We don’t pretend to know the ultimate value of anything. We do know that some people were “offended” and not just grand standing for the cameras when they stated that they were intimidated and offended. Some people live their lives to be in front of the camera, and offense is an acting term. That is the nature of some people.
The Caddo Parish Commissioners, sensing the mood of a large number of constituents, took the proactive steps to remove the Confederate flag from the grounds of the courthouse and replace it with an American flag. These commissioners, ass well as many other citizens, work to make life the least bit brighter each day by deeds and actions and often never receive the benefit of a “thank you” from anything they do. Actions they take or anything they write often falls like the tree in the forest. Many people require prolonged repetitive exposure to good deeds and actions before they appreciate what others out there do to benefit their lives.
Probably only a small number of people were personally offended by the flag that flew over the memorial. However, if a single black man, woman or child stood before that flag, read the scroll or spent the time to gaze upon the figure pointing at the words cut in the stone and were really threatened by the intent of the people who raised that flag, it was one too many. The tone of discussions in Shreveport on race, religion or any one of a number of topics can cause great hurt often with a single word. That’s the way it is, many levels of tolerance and bigotry.
Many of us are secure in our place in society. We understand our accomplishments and shortcomings.
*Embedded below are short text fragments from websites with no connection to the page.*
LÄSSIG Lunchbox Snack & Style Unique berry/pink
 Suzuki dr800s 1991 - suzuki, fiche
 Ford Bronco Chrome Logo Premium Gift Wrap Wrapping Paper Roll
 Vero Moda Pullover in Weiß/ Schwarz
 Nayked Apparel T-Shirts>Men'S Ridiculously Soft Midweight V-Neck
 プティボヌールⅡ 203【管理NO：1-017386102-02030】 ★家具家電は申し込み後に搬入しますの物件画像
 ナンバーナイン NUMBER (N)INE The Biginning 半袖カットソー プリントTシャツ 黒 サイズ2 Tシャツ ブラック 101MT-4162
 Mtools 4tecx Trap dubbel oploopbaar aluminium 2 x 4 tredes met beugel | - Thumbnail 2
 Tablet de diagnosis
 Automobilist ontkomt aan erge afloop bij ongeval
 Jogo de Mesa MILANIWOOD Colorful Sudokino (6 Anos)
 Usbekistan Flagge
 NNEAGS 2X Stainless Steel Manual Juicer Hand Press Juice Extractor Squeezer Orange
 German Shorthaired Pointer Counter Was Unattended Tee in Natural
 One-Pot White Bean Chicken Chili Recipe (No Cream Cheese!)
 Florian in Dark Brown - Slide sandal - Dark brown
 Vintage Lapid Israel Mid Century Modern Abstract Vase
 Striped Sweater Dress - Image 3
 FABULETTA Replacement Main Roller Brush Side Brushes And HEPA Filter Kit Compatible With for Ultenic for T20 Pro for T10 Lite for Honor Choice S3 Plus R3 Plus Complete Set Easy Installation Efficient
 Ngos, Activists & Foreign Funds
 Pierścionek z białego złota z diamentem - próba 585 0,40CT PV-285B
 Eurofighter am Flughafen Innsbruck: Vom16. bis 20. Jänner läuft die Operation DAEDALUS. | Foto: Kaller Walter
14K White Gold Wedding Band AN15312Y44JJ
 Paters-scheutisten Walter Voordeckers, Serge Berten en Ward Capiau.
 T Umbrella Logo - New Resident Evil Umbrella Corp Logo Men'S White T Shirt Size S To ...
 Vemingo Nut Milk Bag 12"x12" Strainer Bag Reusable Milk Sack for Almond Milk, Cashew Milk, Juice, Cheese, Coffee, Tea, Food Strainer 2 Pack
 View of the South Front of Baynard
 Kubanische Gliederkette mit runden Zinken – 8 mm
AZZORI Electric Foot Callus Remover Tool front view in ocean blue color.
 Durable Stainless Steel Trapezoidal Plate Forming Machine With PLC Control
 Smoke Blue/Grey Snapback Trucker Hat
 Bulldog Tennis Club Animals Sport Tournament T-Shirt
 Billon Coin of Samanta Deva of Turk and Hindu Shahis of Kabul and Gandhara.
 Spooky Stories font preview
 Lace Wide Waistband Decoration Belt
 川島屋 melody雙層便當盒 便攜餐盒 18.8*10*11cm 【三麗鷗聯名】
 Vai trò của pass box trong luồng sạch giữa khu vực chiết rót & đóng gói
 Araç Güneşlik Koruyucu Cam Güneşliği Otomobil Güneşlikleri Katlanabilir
We chose our battles carefully and probably count our friends rather accurately. When we are asked was it worth the time and effort of the commission, we must say yes. We want to believe that in their wisdom they understood the long-term needs of citizens. We want to believe that the leadership of the commission is not just well grounded but strong in values of universal justice.
What we do know of most politicians and public workers often gives us reason to question their motives. But in this case, we want to believe the commissioners, as well as the commission leaders, understood the needs for a courthouse. “History” was not a good enough reason to keep the flag flying. A Confederate flag flying in a museum, at a history exhibit, at a re-enactment is certainly appropriate. A memorial in a cemetery is expected, that’s where we honor the fallen.
When we go to the Caddo courthouse, a place for finding facts and justice, we expect to find respect for the law as defined in the Constitution of the United States, the State of Louisiana and Caddo Parish. And since those are the laws that govern the business conducted, we expect to find flags of these entities, with the United States flag flying supreme. We would not expect that the laws of the Confederacy, nor traditions unique to that time to be controlling factor in the courthouse. Some have used the existence of that flag to justify their racist actions. Perhaps now we can get beyond that.
So, yes it was worth the time and effort, because for too many years the principle of “Confederate Values” has carried weight in people’s minds when they walked past that flag and memorial. Some used it to reinforce in their minds that they were superior because of the color of their skin. Others felt threatened by its presence. We now know that more people, particularly those entrusted with the courthouse, feel the same way.